Am 24. Januar 2024 hat die Europäische Kommission einen Vorschlag zur Änderung der Richtlinie 2009/38/EG über Europäische Betriebsräte (EBR-Richtlinie) vorgelegt. Wird dieser Vorschlag umgesetzt, könnte in rund 350 bisher privilegierten länderübergreifend tätigen Unternehmen(sgruppen) erstmalig ein Europäischer Betriebsrat (EBR) errichtet werden. Zudem würden die Rechte bestehender EBR gestärkt und erweitert. Länderübergreifend tätige Unternehmen(sgruppen) sollten sich bereits jetzt mit den Folgen einer Umsetzung des Änderungsvorschlags beschäftigen.

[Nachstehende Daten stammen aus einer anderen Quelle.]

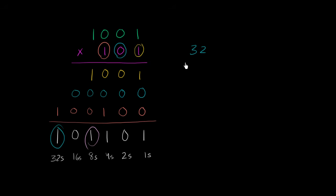So we have 32 plus 8 plus 4 plus 1, which is indeed equal to 45.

Hintergründe und Ziele des Änderungsvorschlags

Länderübergreifend tätige Unternehmen(sgruppen) mit mindestens 1.000 Arbeitnehmern und davon mindestens 150 Arbeitnehmern in zwei Mitgliedstaaten der EU oder den anderen Vertragsstaaten des Abkommens über den Europäischen Wirtschaftsraum (EWR) müssen eine Vereinbarung zur Errichtung eines EBR abschließen. Kommt keine Vereinbarung zustande, wird ein EBR kraft Gesetzes errichtet. Bisher waren solche Unternehmen(sgruppen) privilegiert, die – vereinfacht gesagt – vor dem Inkrafttreten der EBR-Richtlinie eine Vereinbarung zur Unterrichtung und Anhörung aller Arbeitnehmer abgeschlossen hatten. In diesen Unternehmen(sgruppen) musste kein EBR errichtet werden.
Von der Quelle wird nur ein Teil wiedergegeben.